Encuentro. Madrid (2006). 47 págs. 8 €. Traducción: Carmen Salgado.
Este pequeño libro contiene dos estupendos documentos del entonces Card. Ratzinger, hoy Benedicto XVI. Van precedidos de un breve y sugerente prólogo de Etsuro Sotoo, escultor japonés, converso, de la Sagrada Familia de Gaudí: «Se dice que Gaudí construía el templo más bello del mundo. Pero en realidad es al revés: la Iglesia le construía a él. La belleza más grande no es la del templo, es la del espíritu».

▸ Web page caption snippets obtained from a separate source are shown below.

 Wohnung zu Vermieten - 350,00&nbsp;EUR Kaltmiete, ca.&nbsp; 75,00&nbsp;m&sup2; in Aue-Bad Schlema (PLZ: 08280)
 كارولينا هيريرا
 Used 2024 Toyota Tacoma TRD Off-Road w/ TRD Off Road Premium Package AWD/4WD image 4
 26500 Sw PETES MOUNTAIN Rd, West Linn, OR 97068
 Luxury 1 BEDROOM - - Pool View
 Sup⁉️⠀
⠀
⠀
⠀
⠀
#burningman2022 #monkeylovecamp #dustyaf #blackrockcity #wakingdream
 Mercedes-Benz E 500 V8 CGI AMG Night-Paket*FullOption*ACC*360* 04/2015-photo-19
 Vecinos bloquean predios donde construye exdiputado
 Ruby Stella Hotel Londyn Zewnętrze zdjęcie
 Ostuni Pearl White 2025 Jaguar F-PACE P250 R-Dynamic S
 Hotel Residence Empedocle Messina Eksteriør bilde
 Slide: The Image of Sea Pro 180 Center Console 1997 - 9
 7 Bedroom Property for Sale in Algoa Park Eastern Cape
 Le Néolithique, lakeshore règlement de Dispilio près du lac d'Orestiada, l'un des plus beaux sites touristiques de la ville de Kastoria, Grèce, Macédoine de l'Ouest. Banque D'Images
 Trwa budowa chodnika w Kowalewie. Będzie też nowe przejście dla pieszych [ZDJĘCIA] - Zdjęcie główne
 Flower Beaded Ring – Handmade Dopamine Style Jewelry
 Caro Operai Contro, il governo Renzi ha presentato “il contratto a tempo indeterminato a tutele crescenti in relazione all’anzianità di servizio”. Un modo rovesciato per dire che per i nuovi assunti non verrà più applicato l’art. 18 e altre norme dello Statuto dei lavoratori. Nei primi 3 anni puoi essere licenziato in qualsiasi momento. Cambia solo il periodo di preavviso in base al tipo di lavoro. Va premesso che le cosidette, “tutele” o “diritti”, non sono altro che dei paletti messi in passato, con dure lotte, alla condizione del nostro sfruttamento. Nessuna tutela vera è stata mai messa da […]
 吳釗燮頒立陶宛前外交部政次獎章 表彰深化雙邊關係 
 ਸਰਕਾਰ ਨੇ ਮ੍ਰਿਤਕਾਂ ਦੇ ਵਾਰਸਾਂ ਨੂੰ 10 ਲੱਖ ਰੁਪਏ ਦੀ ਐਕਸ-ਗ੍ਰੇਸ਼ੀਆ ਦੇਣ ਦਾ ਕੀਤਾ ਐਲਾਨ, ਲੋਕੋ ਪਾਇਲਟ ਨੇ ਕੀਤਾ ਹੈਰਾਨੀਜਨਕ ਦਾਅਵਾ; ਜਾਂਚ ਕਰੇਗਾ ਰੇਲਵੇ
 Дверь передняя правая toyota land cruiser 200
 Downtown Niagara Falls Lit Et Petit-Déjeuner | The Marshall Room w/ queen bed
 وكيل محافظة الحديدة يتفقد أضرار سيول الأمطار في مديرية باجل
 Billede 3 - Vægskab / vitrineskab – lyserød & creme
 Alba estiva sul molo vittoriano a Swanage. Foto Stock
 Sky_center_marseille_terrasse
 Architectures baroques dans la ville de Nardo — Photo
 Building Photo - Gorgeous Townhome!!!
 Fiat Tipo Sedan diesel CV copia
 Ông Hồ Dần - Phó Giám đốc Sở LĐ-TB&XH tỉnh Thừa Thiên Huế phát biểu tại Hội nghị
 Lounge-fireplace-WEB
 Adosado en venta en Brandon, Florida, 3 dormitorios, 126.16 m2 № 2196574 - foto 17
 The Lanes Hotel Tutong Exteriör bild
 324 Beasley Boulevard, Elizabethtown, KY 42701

El primer texto de Ratzinger sobre la belleza conecta con esta idea. Recuerda que, después de escuchar una cantata de Bach, junto con un obispo evangélico, comentaron: «Quien haya escuchado esto, sabe que la fe cristiana es la verdadera». Y concluye: «He afirmado muy a menudo que estoy convencido que la verdadera apología de la fe cristiana, la demostración más convincente de su verdad, contra toda negación, son de un lado los santos y de otro la belleza que la fe ha generado». De manera particular, se refiere al arte cristiano. Esta idea de la belleza ha estado presente en toda su trayectoria. Y hace un breve recorrido de su fruto teológico, desde la hermosa «Teología del Icono», de Paul Evdokimov, hasta la cosmovisión de Von Balthasar, «Gloria».
La otra conferencia, sobre la Iglesia, se titulaba originalmente «una compañía siempre reformable». Después de interrogarse sobre la dificultad de nuestros contemporáneos para aceptar la Iglesia, la idea de fondo, con la experiencia de los vaivenes del posconcilio, es discernir lo que debe ser la verdadera reforma de la Iglesia. Detrás está toda su experiencia como perito conciliar al principio, y como prefecto de la Congregación para la Doctrina de la Fe, después. «Miguel Ángel concebía la auténtica acción artística como un volver a sacar a la luz la imagen, un volver a poner en libertad, no como un hacer». No como un imponer nuestras ideas, que convertiría a la Iglesia en un producto de nuestra imaginación y de nuestro poder, sino como un quitar los obstáculos que hemos creado, para que se manifieste la realidad divina que hay en ella.